→ **What the task asks**: Would you count how many lines of the material below hold the string "plate"? Give only the number.

→ **Data records**:

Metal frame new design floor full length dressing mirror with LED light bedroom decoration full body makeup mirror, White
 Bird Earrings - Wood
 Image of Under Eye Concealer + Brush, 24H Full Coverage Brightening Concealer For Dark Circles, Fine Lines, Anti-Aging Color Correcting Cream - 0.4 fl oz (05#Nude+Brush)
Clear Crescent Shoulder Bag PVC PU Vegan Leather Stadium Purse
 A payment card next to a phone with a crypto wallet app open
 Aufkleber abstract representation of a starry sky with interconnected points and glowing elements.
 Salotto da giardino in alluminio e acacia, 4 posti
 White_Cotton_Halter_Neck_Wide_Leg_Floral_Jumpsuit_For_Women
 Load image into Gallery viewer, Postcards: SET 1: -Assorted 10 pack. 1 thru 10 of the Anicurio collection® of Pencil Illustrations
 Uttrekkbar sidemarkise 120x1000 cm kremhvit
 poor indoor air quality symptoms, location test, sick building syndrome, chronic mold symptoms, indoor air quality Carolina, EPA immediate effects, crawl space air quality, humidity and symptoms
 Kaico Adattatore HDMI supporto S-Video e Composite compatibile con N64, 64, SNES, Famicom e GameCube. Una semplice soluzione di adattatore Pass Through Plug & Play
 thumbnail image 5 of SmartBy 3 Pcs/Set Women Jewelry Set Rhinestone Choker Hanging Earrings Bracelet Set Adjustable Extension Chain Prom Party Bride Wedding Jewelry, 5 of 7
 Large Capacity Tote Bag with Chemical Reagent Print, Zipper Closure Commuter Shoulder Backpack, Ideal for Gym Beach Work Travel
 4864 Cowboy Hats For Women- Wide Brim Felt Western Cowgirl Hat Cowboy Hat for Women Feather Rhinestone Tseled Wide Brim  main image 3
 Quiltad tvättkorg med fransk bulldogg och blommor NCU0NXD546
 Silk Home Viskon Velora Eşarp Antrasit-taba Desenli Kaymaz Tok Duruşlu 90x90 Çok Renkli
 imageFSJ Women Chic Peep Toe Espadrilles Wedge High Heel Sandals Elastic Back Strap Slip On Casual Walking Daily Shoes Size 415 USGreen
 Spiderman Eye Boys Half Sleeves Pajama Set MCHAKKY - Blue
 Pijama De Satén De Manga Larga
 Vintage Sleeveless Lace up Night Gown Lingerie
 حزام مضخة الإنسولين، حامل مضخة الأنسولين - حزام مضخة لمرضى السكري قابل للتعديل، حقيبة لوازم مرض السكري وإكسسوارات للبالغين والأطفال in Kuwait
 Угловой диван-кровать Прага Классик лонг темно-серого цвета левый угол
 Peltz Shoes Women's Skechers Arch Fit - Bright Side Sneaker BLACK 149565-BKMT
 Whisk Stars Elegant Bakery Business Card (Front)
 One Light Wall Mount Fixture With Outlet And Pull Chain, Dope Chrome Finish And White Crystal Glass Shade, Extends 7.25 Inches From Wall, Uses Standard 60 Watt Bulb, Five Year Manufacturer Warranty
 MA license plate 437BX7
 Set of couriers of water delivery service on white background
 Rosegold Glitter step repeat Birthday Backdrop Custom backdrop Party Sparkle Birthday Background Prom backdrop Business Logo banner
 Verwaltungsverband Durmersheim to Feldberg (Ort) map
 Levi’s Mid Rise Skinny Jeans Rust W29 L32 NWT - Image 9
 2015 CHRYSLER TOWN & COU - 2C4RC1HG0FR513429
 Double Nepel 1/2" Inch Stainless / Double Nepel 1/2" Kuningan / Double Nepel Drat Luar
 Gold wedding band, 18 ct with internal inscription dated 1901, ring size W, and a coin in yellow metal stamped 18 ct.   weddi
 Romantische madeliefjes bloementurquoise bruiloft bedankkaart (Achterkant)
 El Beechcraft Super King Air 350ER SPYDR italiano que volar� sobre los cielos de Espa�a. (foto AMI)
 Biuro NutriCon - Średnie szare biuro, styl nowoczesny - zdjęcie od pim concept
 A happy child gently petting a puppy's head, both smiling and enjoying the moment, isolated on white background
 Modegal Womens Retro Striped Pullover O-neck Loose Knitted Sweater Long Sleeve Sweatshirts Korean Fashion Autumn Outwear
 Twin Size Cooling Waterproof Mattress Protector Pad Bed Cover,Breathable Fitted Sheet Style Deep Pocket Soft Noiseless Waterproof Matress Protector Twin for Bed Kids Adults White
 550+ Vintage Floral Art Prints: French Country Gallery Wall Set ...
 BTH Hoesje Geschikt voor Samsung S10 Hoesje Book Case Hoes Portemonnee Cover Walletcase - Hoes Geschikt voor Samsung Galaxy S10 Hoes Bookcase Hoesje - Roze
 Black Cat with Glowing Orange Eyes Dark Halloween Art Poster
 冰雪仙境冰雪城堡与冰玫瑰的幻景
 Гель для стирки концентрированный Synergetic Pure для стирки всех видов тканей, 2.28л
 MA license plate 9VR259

→ **Result below**: 2